Bollinger Band Swing Trading Strategy

Bollinger Band Swing Trading Strategy

Fine-tune your swing trading strategy with the use of Bollinger Bands…

A Bollinger Band Swing Trading Strategy can help you improve your swing trading results. So in this short blog post I’ll share with you how I incorporate Bollinger Band analysis into my swing trading strategy. And my hope is…

After you read this post you’ll be able to use this Bollinger band swing trading strategy yourself to improve your own returns. Just keep in mind: While Bollinger bands can be very helpful for swing trading strategy, they are only one component of even the simple trading plan.

Now let’s get into it…

Why Bollinger Bands Help With Swing Trading Strategy:

Bollinger Bands can be helpful to your swing trading strategy because they are an objective technical measure of when a stock is overbought or oversold. And while Bollinger bands aren’t the definitive measure of when a stock will turn around, they can definitely indicate mean reversion. And that’s a big part of what swing trading strategy is all about, right?

Now keep in mind:

I am predominantly a long term investor who uses swing trading strategy to improve returns. So the following is applied to stocks that I have a longer-term bullish conviction on. You could use the same strategy (just inverted) if you were bearish on a stock. I just think it’s important you realize Bollinger Band Strategy works best when it’s combined with a fundamental position on a stock which gives you conviction. So…
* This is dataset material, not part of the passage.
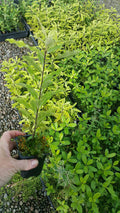Pittosporum Eugenioides (Lemonwood/Tarata)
Here’s how I use Bollinger Bands to improve my Swing Trading Strategy:

3 Ways to Use Bollinger Bands in Swing Trading:

(1) Sell at The Upper Bollinger Band: When stock prices reach the upper Bollinger Band, this is often a sign that they are overbought or becoming extended in the short term. To reduce draw-downs in my account and realize capital gains, I like to sell 1/4 or 1/3 of my stock position when it reaches the upper Bollinger band. Then I watch to see if the stock consolidates sideways or pulls back and time my next entry accordingly…

(2) Buy at The Lower Bollinger Band: When stock prices reach the lower Bollinger Band, this is often a sign that stocks are oversold or becoming extended to the downside. To compound gains I usually try to buy 1/4 or 1/3 positions in stocks when they are at the bottom of their Bollinger Band. I also usually look for Bollinger Bands to coincide with support or other oversold indicators. When stocks are at their bottom Bollinger Band and they are at strong support trend lines you can usually get a good entry for a short to medium-term swing trade.

(3) Watch “Price Character” at the Middle Bollinger Band: The middle Bollinger Band is actually the 20 period moving average. And while this middle Bollinger Band isn’t as helpful to swing trading strategy as the others, it does present interesting insight. That’s because the way price “reacts” to the 20 period moving average can help you understand the nature of any consolidation. If a stock is pulling back from the upper or lower Bollinger band and shoots right through the middle Bollinger band then it usually pays to wait for the stock to go the opposite Bollinger band. On the other hand, if the stock pauses at the 20 period moving average you might want to keep a close eye because it’s unlikely the stock will retrace to the lower Bollinger band. This isn’t a scientific measure but watching the “character” of the price action at the middle Bollinger Band can usually indicate where price is going to continue.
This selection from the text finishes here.